The prosecution is alleging that there was a "promise" to the victim, which would let the transaction breach the boundaries of the crypto universe and be classified as real world fraud between two individual parties, but I just don't see how there was any sort of "promise" made here. First of all, they traded against an automated trading bot. Second, a bid or ask and market liquidity is not a "promise". I trade for a living and market makers suddenly pull liquidity all the time when it suits them, on millisecond time-frames. Granted, what the brothers did is essentially "spoofing" or posting bids and asks with the intent to move markets, so the question here to me boils down to is crypto spoofing illegal or not. Perhaps that depends on the jurisdiction/and or decentralized nature of the exchange that they were posting the offers on. I would think that if they can get charged for this then the majority of trading on thousands of "shitcoins" is outright illegal activity by extension though.

On a much more simplistic level, if you're coding up in ethereum arbitrage bot, and it makes a bad high frequency arb trade... tough luck? I was under the impression that this was sort of the point of crypto markets, to escape regulations and be a freeform, decentralized trading venue.
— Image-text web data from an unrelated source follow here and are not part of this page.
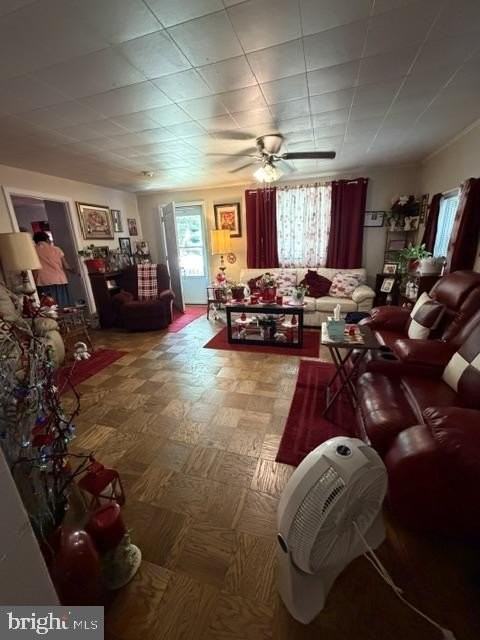 1083 Holly Vista Dr - Photo 7 of 10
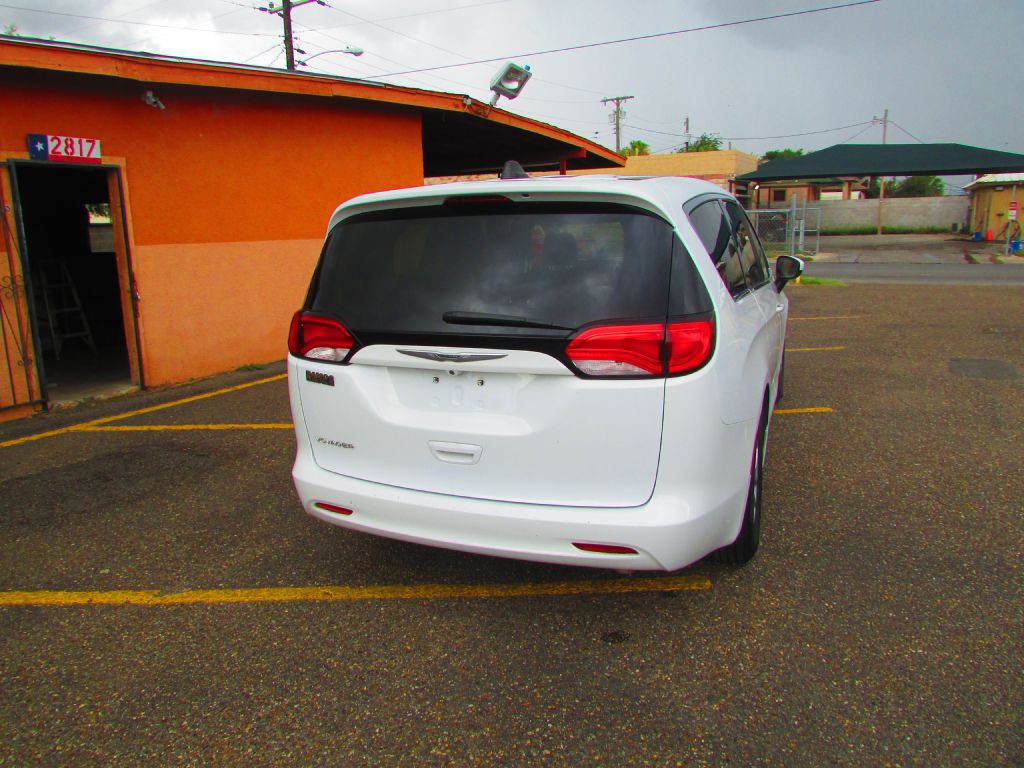 2022 Chrysler Voyager Image 6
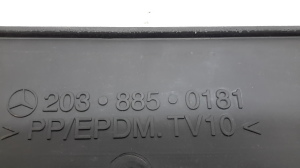 Mercedes Benz C-Class 203 (2000–2007) Esikaitseraua numbrimärgi hoidik A2038850181 - 3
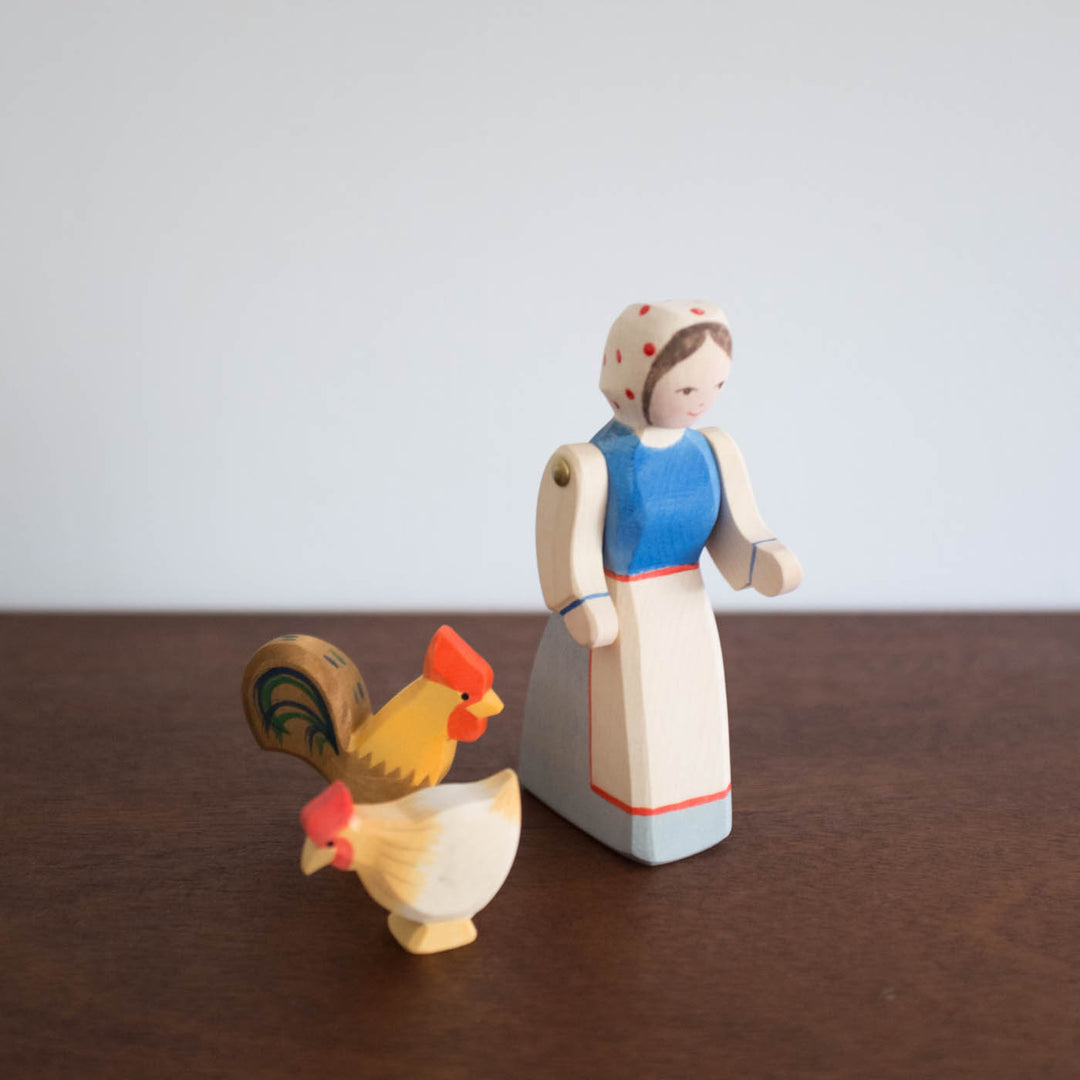 Ostheimer Standing Ochre Hen Toy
An automated trading bot is just some person/company's agent. It can still be a victim of a fraud.

I think spoofing should quite obviously be illegal. It's basically contract fraud.

> I was under the impression that this was sort of the point of crypto markets, to escape regulations and be a freeform, decentralized trading venue.

"Escaping regulations" is some libertarian fever dream. There is no such thing as "the law doesn't apply to you" if you make the right people angry enough.

  • THIS, Exactly!

    >>"Escaping regulations" is some libertarian fever dream

    The same for "Free Markets".

    People scream about "Free Markets" and use that standard as a cudgel to complain about any regulation they do not like.

    The fact of the matter is that free markets do not exist, or if they do, they are a very transitory anomaly, the exception that proves the rule. Every market has (varying) expectations of trust and honesty on each side, and sets of constraints on what is and is not a legitimate transaction or even objects (real or virtual) for transaction.

    The only question is who is regulating the markets, and to what degree and with what intent they are regulating them.

    Obviously, regulations can be too heavy or too light to sustain the market, and will need adjustment. In practice, regulations are almost always too heavy or light (especially from the POV of particular parties) and in need of frequent adjustment.

    But the idea of "escaping regulations" and having an absolutely "Free Market" is a false idol and actively damaging in the real world, where the debate should be how much and what regulations are appropriate, not a stupid "all regulation is bad" cudgel.